Data publikacji: 02-03-2018 16:50



Po krótkiej pomeczowej regeneracji Wiślacy wkroczyli w mocno skrócony mikrocykl treningowy przygotowujący ich do wyjazdowej rywalizacji. W poniedziałek na zakończenie 27. kolejki ligowej Biała Gwiazda powalczy w Białymstoku z Jagiellonią.

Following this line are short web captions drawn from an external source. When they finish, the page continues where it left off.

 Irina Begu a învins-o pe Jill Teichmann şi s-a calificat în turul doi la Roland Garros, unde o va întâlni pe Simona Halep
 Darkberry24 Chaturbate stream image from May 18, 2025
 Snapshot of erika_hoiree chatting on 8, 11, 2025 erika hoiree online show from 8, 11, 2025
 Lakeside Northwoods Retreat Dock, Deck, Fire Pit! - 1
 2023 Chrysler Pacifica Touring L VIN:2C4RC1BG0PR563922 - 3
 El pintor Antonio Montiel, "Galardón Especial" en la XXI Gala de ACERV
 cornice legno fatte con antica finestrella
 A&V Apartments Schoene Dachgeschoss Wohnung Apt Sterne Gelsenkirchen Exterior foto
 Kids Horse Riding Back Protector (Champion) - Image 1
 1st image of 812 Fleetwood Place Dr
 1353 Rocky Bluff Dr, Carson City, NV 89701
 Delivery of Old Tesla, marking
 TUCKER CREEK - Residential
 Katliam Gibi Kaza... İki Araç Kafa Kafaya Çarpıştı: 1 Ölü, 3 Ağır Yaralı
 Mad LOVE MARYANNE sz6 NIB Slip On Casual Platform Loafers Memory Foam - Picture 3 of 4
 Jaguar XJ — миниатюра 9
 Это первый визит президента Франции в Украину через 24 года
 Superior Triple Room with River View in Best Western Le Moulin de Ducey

Fot. Przemek Marczewski Fot. Przemek Marczewski

Zobacz galerię z tego treningu

Kumulacja ligowych serii gier wymusiła reorganizację wspomnianego mikrocyklu. Piątkowe zajęcia zespołu spod Wawelu poprzedzono szczegółową odprawą podsumowującą poprzednie spotkanie w ramach rodzimych rozgrywek, zahaczając także o elementy wprowadzające do następnego starcia. 

Z siłowni na boisko
 
Pierwsza faza zajęć odbyła się w siłowni, gdzie Wiślacy kontynuowali pracę służącą doprowadzaniu organizmu do równowagi po intensywnym środowym wysiłku. Po krótkim wprowadzeniu krakowianie wybiegli na boisko Bazy Szkoleniowiej w Myślenicach, przechodząc płynnie od rozbiegania do ćwiczeń z piłką.
 
Działania Wiślaków na murawie podporządkowano taktyce, a dokładnie doskonaleniu ataku pozycyjnego. Ta ścisła forma treningu pomaga piłkarzom w doprowadzaniu do perfekcji pewnych automatyzmów boiskowych. Szczególną uwagę przykłada się wówczas do odpowiedniego ustawienia się zawodników i do współpracy pomiędzy piłkarzami grającymi na poszczególnych pozycjach. 
 
Powrót Buchalika
 
W dalszym ciągu procesem rehabilitacji objęta jest trójka podopiecznych trenera Joana Carrillo. W siłowni nad powrotem do zdrowia pracowali Arkadiusz Głowacki, Vullnet Basha i Iván González. Z grupą bramkarzy do potyczki z Jagiellonią przygotowuje się już Michał Buchalik, którego przed pojedynkiem z Koroną Kielce wyeliminowały problemy żołądkowe.
 
Krakowianie na Podlasie udadzą się w niedzielę po porannych zajęciach i po obiedzie. Tym razem ekipie ze stolicy województwa małopolskiego zaplanowano podróż pociągiem. Na Wiślaków w Białystoku czekać już będzie „Smoczyca”, którą po poniedziałkowym meczu Biała Gwiazda wróci pod Wawel.